Involve your stakeholders! Who better to consult than those who will be directly affected by the services? Engage throughout the procurement process, those who would be using the service themselves, and also those who depend on its outputs (such as reports and invoices).

It’s important to keep an open mind and to be broad in defining your goals, objectives and outcomes as opposed to setting very specific requirements. You don’t want to limit potential suppliers’ innovation and creativity when it comes to bringing value to the table!

Here’s a good example of how to approach a supplier during initial meetings:

Explain strategies that you’d recommend to reduce our overall travel spend.

And to balance it out, a bad example:

Can you implement contract rates with Airlines X and Y but not Z to drive savings?

Lastly, here are some questions we’ve found helpful to keep in mind during the process to ensure success:

1. Do we have detailed data into our travel spend? And if not, can I easily gather it for my meetings with TMCs?

a. Sharing as much data as possible with potential TMCs can guarantee better advice and pricing. TMCs leverage your data and their relationships to secure discounts and perks for your company. The more data they have, the more accurate savings and discount projections they can give you.

2. If cost savings is our top priority, what areas are we prepared to compromise on?

a. TMCs can’t magically wipe away your entire travel spend! Serious cost reduction means compromises need to be made, so it’s a good idea to think about potential areas that you are willing to go “no-frills” on. Are your travelers willing to switch from Business class to Economy? Lower your per-night cap on hotel spend? Place a strong emphasis on the importance of online booking (which has lower per-transaction fees and reduces cost through hard stops and/or management approval)?

3. Are we trying to reduce our core travel and hotel spend, and if so, by how much?

a. Not every company strives to slash air and hotel spend, but if you are looking to cut costs, make sure you have a good idea of what success in that category looks like for your organization.

4. Do we need to review and/or create our business travel policy before we approach TMCs?

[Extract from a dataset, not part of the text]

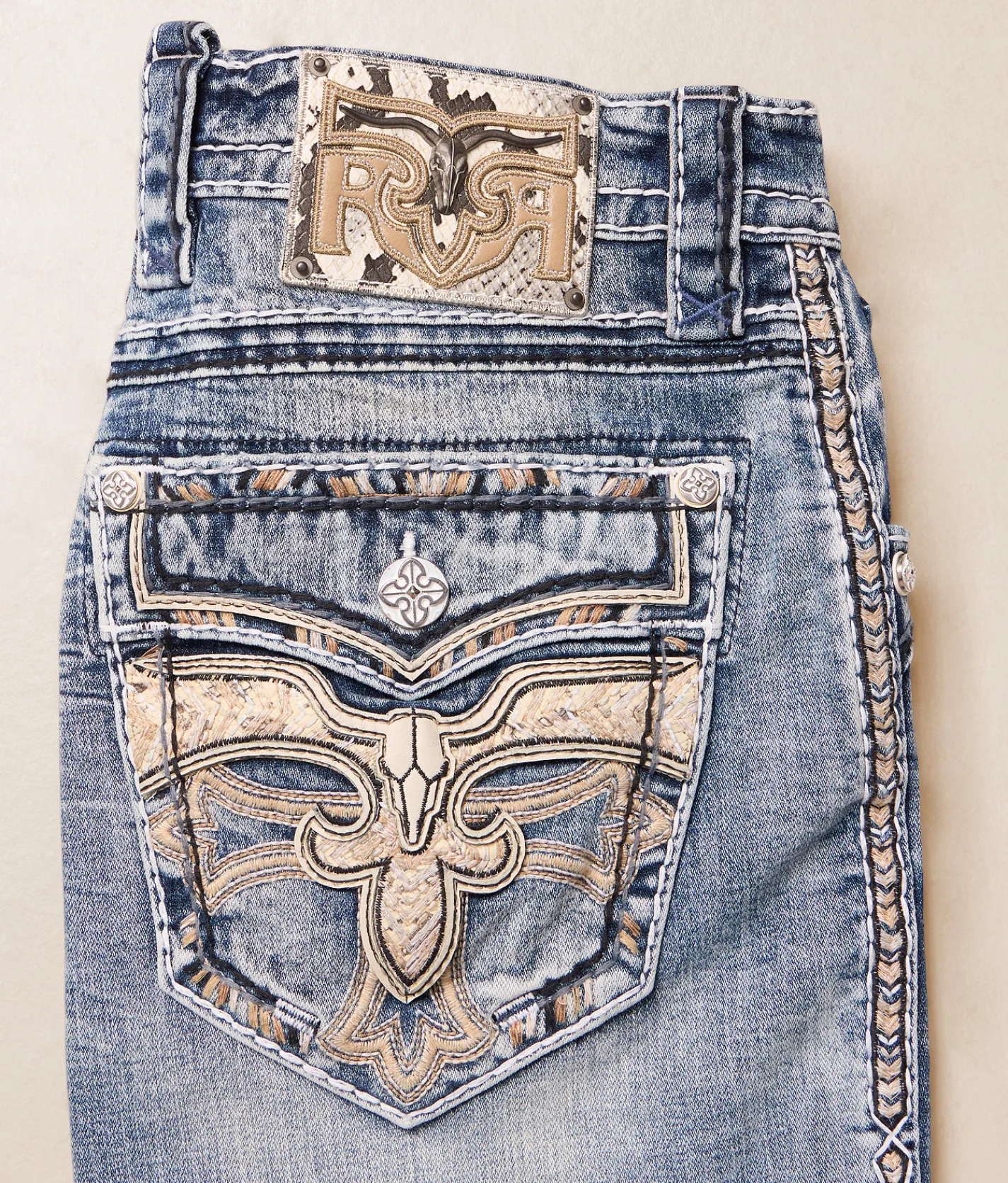 Rock Revival Harlon Slim Boot Stretch Jean Harlon SB200 Hot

a. Dust off that old travel policy and consider revising or rewriting it entirely! Travel technology continues to evolve to save organizations money, so be sure to bring your travel policy into the 21st century if it isn’t already. Be proactive in its development – be sure to make changes prior to rolling out a new travel management service. TMCs can help with travel policy development. They have access to sample travel policies, best practices, and benchmarking information. Also be sure to find out if there are additional fees involved with leveraging these resources.

5. Should we make online adoption a priority?

a. Driving home the importance of online adoption to travelers saves money on per-transaction fees. For easy single-leg trips, online bookings are the perfect way to cut costs. But for those longer, multi-destination trips, it’s often a smart idea to involve a Travel Expert who can factor in layover times and secure additional traveler perks!

6. Do we need a dedicated agent or are we okay working with a call centre environment?

a. TMCs can greatly differ in their service offerings. They range from boutique, personalized service to large call centre offerings. You should have an idea of what type of service best fits your organization’s wants and needs.

7. Does the supplier provide Duty of Care services, and is there an extra cost to leverage these?

a. Duty of Care should be on every company’s radar, especially during such turbulent travel times. It’s important to make sure your travelers are well taken care of. Organizations are liable for their travelers’ safety while on business trips. Make sure you understand what types of Duty of Care services are offered by each prospective TMC and the fees that accompany them.

8. What other value-add programs or services do you provide?

a. It’s a good idea to evaluate TMCs based on the bigger picture – do they have extra services available to their corporate clients? Some TMCs offer leisure booking program and services to their corporate clients. Another area to explore is whether they book group travel, meetings, and incentives trips.